原创最新推荐文章于 2026-04-17 19:01:55 发布 · 2.9k 阅读

29 ·

本内容遵循CC 4.0 BY-SA版权协议

GEO检测

标签

#ubuntu #pytorch

模型转换与部署专栏收录该内容

1 篇文章

订阅专栏

该文章已生成可运行项目，

在 Ubuntu 上使用 Conda 安装并配置 TensorRT 以部署 PyTorch 的 X3D-M 模型

本文详细记录了在 Ubuntu 系统上从零开始安装和配置 TensorRT 的完整过程，确保其与 Conda 环境中的 PyTorch 及其依赖（CUDA、cuDNN）兼容。
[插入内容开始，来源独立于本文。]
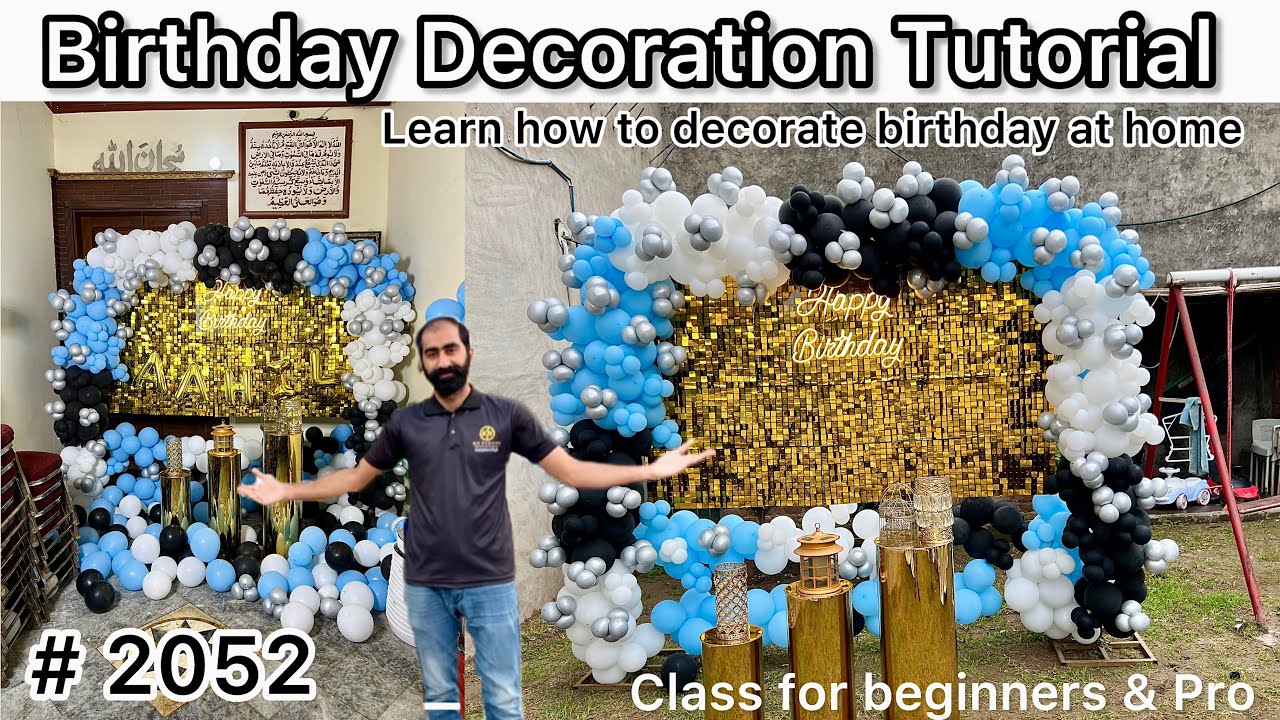 Birthday decoration tutorial learn how to decorate birthday at home party #2052
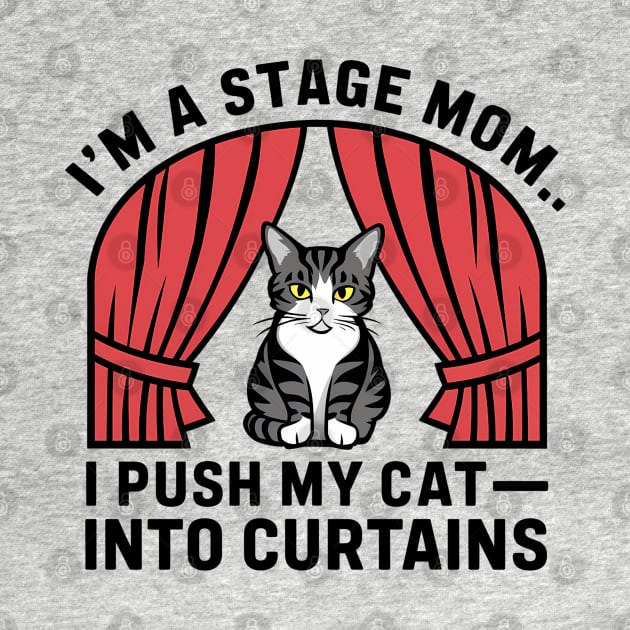 I am a stage mom I push my cat into curtains by Syntax Wear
最终，我们将使用 torch2trt 将 PyTorch 的 X3D-M 模型转换为 TensorRT 引擎，并进行推理测试。

环境概述

操作系统: Ubuntu 22.04
Conda: 已安装
CUDA: 11.5
cuDNN: 8.9.5
PyTorch: Conda 安装
TensorRT: 8.4.3.1
其他依赖: torch2trt, pytorchvideo, pycuda

步骤 1: 检查和安装 CUDA

首先，确认系统是否已安装 CUDA 以及其版本。

检查 CUDA 版本

在终端中运行以下命令：

nvcc --version

输出示例:

nvcc: NVIDIA (R) Cuda compiler driver
...
Cuda compilation tools, release 11.5, V11.5.119

这表明系统上已安装 CUDA 11.5。

安装 CUDA（如果未安装或需升级）

如果未安装 CUDA 或需要升级，请按照以下步骤：

添加 NVIDIA 包存储库:

（没做笔记）

验证安装:

再次运行 nvcc --version 确认 CUDA 安装成功。

步骤 2: 检查和安装 cuDNN

接下来，确认是否已安装 cuDNN。

检查 cuDNN 版本

运行以下命令：

cat /usr/include/x86_64-linux-gnu/cudnn_version_v8.h | grep CUDNN_MAJOR -A 2

输出示例:

#define CUDNN_MAJOR 8
#define CUDNN_MINOR 9
#define CUDNN_PATCHLEVEL 5
--
#define CUDNN_VERSION (CUDNN_MAJOR * 1000 + CUDNN_MINOR * 100 + CUDNN_PATCHLEVEL)

这表明已安装 cuDNN 8.9.5。

安装 CUDNN8.9.5（下面懒得改）

如果需要安装或升级 cuDNN，请按照以下步骤：

卸载现有的 cuDNN（如果存在旧版本）:

sudo apt-get remove --purge libcudnn8 libcudnn8-dev libcudnn8-samples

下载 cuDNN 8.4.1:

前往 NVIDIA cuDNN 下载页面并下载适用于 CUDA 11.5 的 cuDNN 8.4.1 .deb 文件。

安装 cuDNN:

sudo dpkg -i cudnn-local-repo-ubuntu2204-8.9.5.30_1.0-1_amd64.deb
sudo apt-key add /var/cudnn-local-repo-ubuntu2204-8.9.5.30/cudnn-*****-keyring.gpg
sudo apt update
sudo apt install libcudnn8=8.9.5.30-1+cuda11.8 libcudnn8-dev=8.9.5.30-1+cuda11.8 libcudnn8-samples=8.9.5.30-1+cuda11.8

验证安装:

再次运行检查命令，确保 cuDNN 版本为 8.9.5。

问题

E: 无法定位软件包 libcudnn8
E: 无法定位软件包 libcudnn8-dev
E: 无法定位软件包 libcudnn8-samples

查看/etc/apt/sources.list.d/

ls /etc/apt/sources.list.d/
docker.list  google-chrome.list  nvidia-container-toolkit.list  official-package-repositories.list  tacit-dynamics-aps-foldersync-desktop.sources  vscode.list

看起来 /etc/apt/sources.list.d/ 目录中没有与 cuDNN 或 CUDA 相关的存储库条目。这可能是导致系统无法定位 libcudnn8 软件包的原因。我们将手动添加 NVIDIA 的 CUDA 和 cuDNN 存储库。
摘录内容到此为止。